How did so many areas, where people have lived for decades and where government schemes, welfare services, schools, and public infrastructure have existed, suddenly become “illegal”?

Communal Ploy and Corporate Plunder

These widespread demolitions clearly shows that all talks of illegal infiltration are a ploy by the BJP regime to stroke communal polarization and divert focus from its plans to evict poor, indigenous communities and Muslims for corporate land grab. By repeatedly invoking the bogey of ‘Bangladeshi infiltrators’, the Himanta Biswa Sarma government is trying to instil fear, communalise the atmosphere, and silence all voices against the inhuman eviction drive.
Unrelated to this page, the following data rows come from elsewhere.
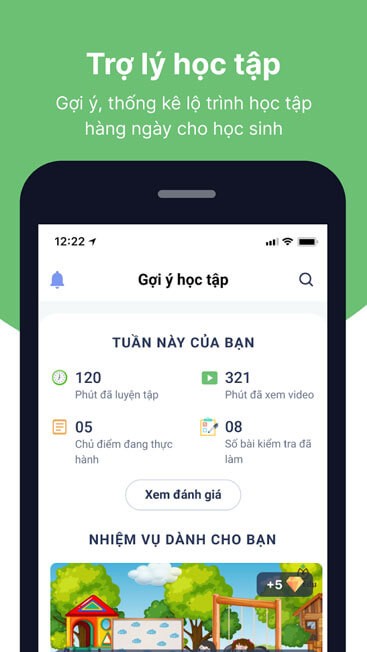 Trợ lý học tập thông minh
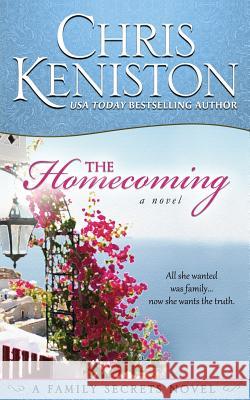 Homecoming Chris Keniston 9781942561866 Indie House Publishing - książka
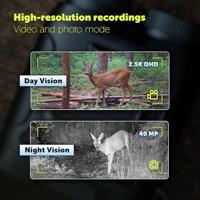 DÖRR IR-QHD 490333 Nachtkijker - thumbnail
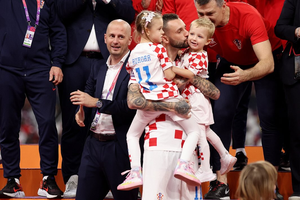 Croatian midfielder Marcelo Brozovic announces retirement from international football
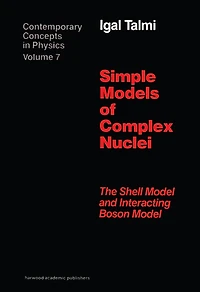 Simple Models of Complex Nuclei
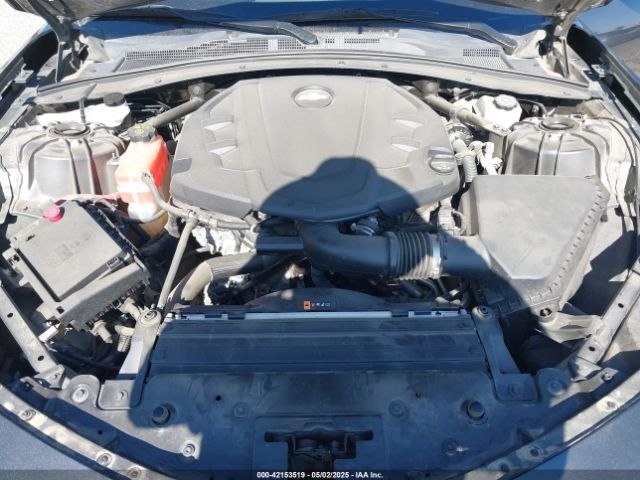 2018 CHEVROLET CAMARO 1G1FB1RS9J0190518 Photo 9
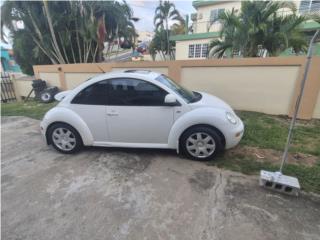 Volky turbo de fabrica ganga , Volkswagen Puerto Rico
In the last four years of Himanta Biswa Sarma government thousands of families, mostly Bengali speaking Muslims, have been evicted with over 1.19 lakh bighas (160 sq km) of lands having been cleared. Many people have lost lives during these eviction drives and lakhs are rendered homeless. Himanta's islamophobic hate campaign by invoking land jihad continues with the open declaration of changing the state's demography. 

It is important to note that the evictions escalated aggressively after the Advantage Assam 2.0 investor summit in February and the Rising Northeast Investors’ Summit in May.

It is no coincidence that these demolitions are concentrated in areas where major corporate projects are now being planned. In Dhubri and Goalpara, 4,000 bighas are being cleared for a 3,000-MW thermal power plant by the Adani Group. In Dima Hasao, land is being handed over to Adani for a cement factory. In Kokrajhar, Adani is constructing a power project. In Karbi Anglong, Reliance is setting up compressed biogas plants.

These eviction drives must be stopped and the government must provide full rehabilitation and humanitarian assistance to all displaced families. A court-monitored high-level inquiry be initiated into the police violence, and all perpetrators be brought to justice.